Cleaner way of looping through a file and stripping only certain lines?

texasperl has asked for the wisdom of the Perl Monks concerning the following question:

Hello my esteemed Monks, I have once again come to seek your wisdom in making my Perl more... Perl-ish. I have the following working code that will strip any MX records greater than 8 from a file (tinydns format). However, looking at the code, I feel that there is likely a shorter and more concise way to write it. I suspect some use of map or grep would be more efficient, however, I am not entirely familiar and/or comfortable with those functions. Hopefully through a Monk or two sharing his/her wisdom, I'll be able to write faster, better code (and understand it, too.) Also, I'm curious as to how one would go about editing the file in place, i.e., not having to create a new outfile.
Without further ado, here is the code.

#!/usr/bin/perl -w
use strict;

my $ifile = shift;

open IFILE, '<', "$ifile" || die "Couldn't open file: $!";
open OFILE, '+>', 'new-data' || die "Couldn't open outfile: $!";

while (my $line = <IFILE>) {
        # is the line an MX record?
        if ($line =~ /^@.*mail(\d+).*\z/xms) {
                # is it less than or equal to 8?
                if ($1 <= 8) {
                        print OFILE $line;
                }
        }
        # print everything else to the new file
        else { print OFILE $line; }
}

close IFILE;
close OFILE;
[download]

The data is in this format:
@*.somedomain.net::mail7.somedomain.net:10:21600
@somedomain.net::mail7.somedomain.net:10:21600
Thanks again, Monks!

Comment on Cleaner way of looping through a file and stripping only certain lines? Download Code

Replies are listed 'Best First'.

Re: Cleaner way of looping through a file and stripping only certain lines?
by liverpole (Monsignor) on Dec 08, 2006 at 16:59 UTC

If it's not a huge file, you could read it into memory and use map to iterate over all the lines:

#!/usr/bin/perl -w
use strict;

my $ifile = shift || die "No filename provided\n";
open IFILE, '<', "$ifile"    || die "Couldn't open file: $!";
open OFILE, '+>', 'new-data' || die "Couldn't open outfile: $!";
chomp(my @lines = <IFILE>);
close IFILE;

my @matches = map { /^@.*mail(\d+).*\z/? $1 <= 8? $1: ( ): $_ } @lines
+;

map { print OFILE "$_\n" } @matches;
close OFILE;
[download]

But I don't see anything wrong with the way you did it, except that I would recommend error-checking for the case where a filename isn't passed to the program.

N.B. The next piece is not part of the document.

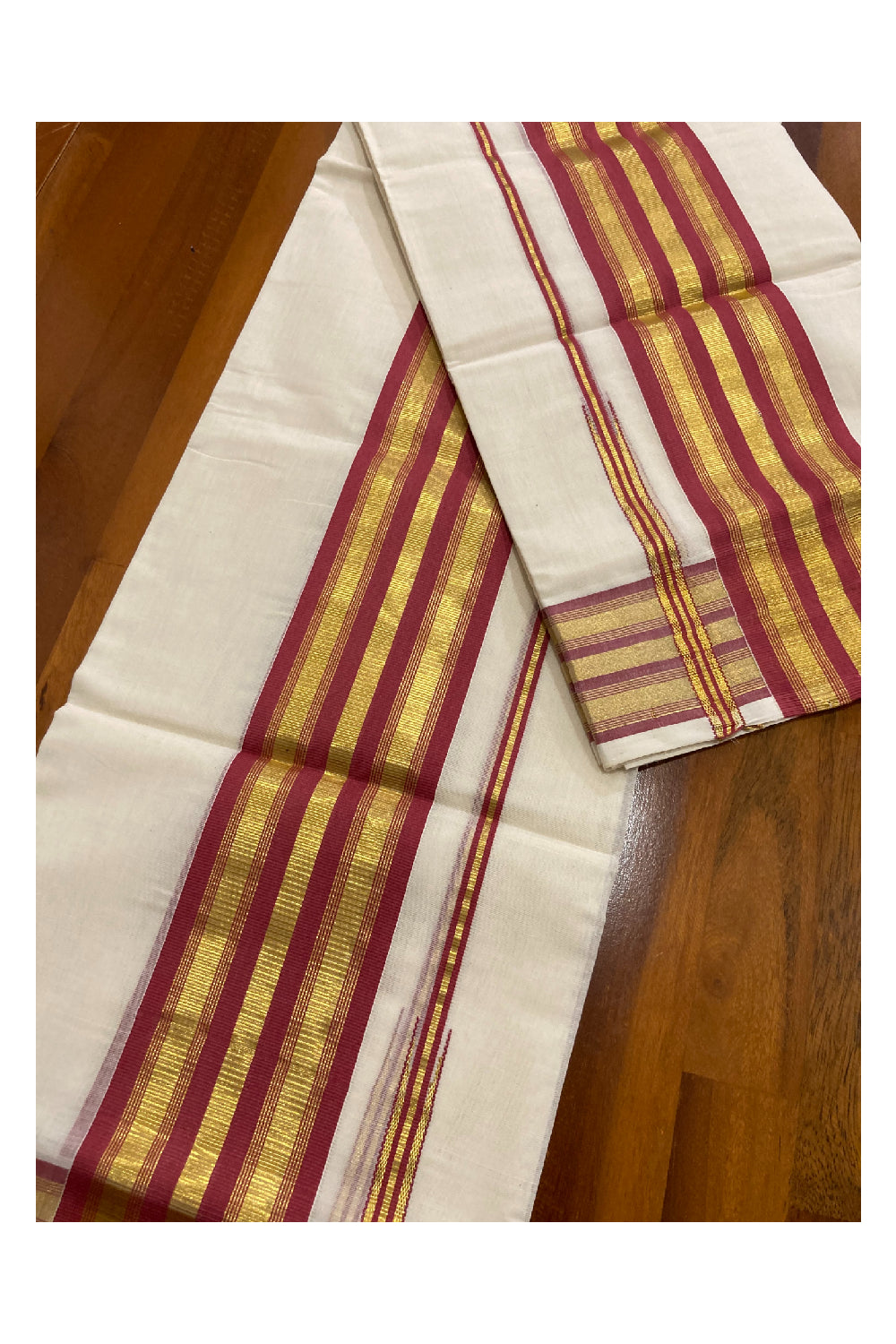 Southloom Premium Handloom Set Mundu with Kasavu and Brick Red Border 2.80 Mtrs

Update: Fixed to take skip saving anything in the case where the captured pattern isn't <= 8.

Update 2: Cleaned up syntax further.

s''(q.S:$/9=(T1';s;(..)(..);$..=substr+crypt($1,$2),2,3;eg;print$..$/

Re^2: Cleaner way of looping through a file and stripping only certain lines?

by texasperl (Sexton) on Dec 08, 2006 at 17:08 UTC

This is exactly the kind of thing I was talking about. Perfect!++ Thanks!

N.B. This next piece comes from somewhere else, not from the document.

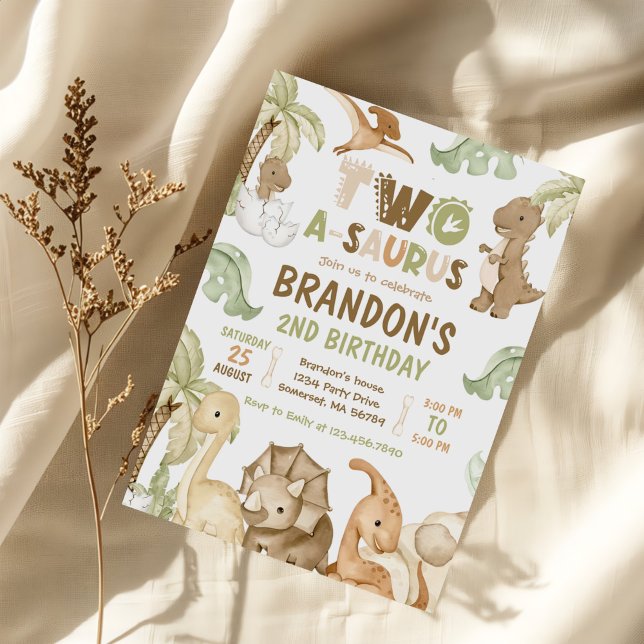 Invitation Dinosaur Deux-A-Saurus 2e fête d'anniversaire (Créateur téléchargé)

Re: Cleaner way of looping through a file and stripping only certain lines?
by ikegami (Patriarch) on Dec 08, 2006 at 17:18 UTC

open IFILE, '<', "$ifile" || die "Couldn't open file: $!";
is buggy. Due to the operator order or precedence, it's equivalent to
open IFILE, '<', ("$ifile" || die "Couldn't open file: $!");
You want one of the following instead
open IFILE, '<', "$ifile" or die "Couldn't open file: $!";
open(IFILE, '<', "$ifile") || die "Couldn't open file: $!";
open(IFILE, '<', "$ifile") or die "Couldn't open file: $!";
(open IFILE, '<', "$ifile") || die "Couldn't open file: $!";
(open IFILE, '<', "$ifile") or die "Couldn't open file: $!";
Same goes for the second open.
Why "$ifile" instead of just $ifile?
Why '+>' instead of just '>'?
/^@.*mail(\d+).*\z/xms
can be simplified to
/^@.*mail(\d+)/xms
All three modifiers (xms) could be removed from the match operator, but they cause no harm here.
The user doesn't need to see the program line number when he specifies a bad file name. If the error message is not good enough to identify a user error without resorting to a line number, it needs to be improved.

With changes applied:

#!/usr/bin/perl -w
use strict;

my $ifile = shift;
my $ofile = 'new_data';

open my $ifh, '<', $ifile
   or die "Couldn't open DNS file \"$ifile\": $!\n";
open my $ofh, '>', $ofile
   or die "Couldn't create output file \"$ofile\": $!\n";

while (my $line = <$ifh>) {
   # is the line an MX record?
   if ($line =~ /^@.*mail(\d+)/xms) {
      # is it less than or equal to 8?
      if ($1 <= 8) {
         print $ofh $line;
      }
   }
   # print everything else to the new file
   else {
      print $ofh $line;
   }
}
[download]

You could make your program sipler and more flexible by using STDIN and STDOUT.

#!/usr/bin/perl -w
use strict;

#
# Usage:
#    fixdns infile > outfile
#
# Usage for in place editing:
#    perl -i fixdns dnsfile
#

while (<>) {
   # is the line an MX record?
   if (/^@.*mail(\d+)/xms) {
      # is it less than or equal to 8?
      if ($1 <= 8) {
         print;
      }
   }
   # print everything else to the new file
   else {
      print;
   }
}
[download]

[reply]
[d/l]
[select]

Re^2: Cleaner way of looping through a file and stripping only certain lines?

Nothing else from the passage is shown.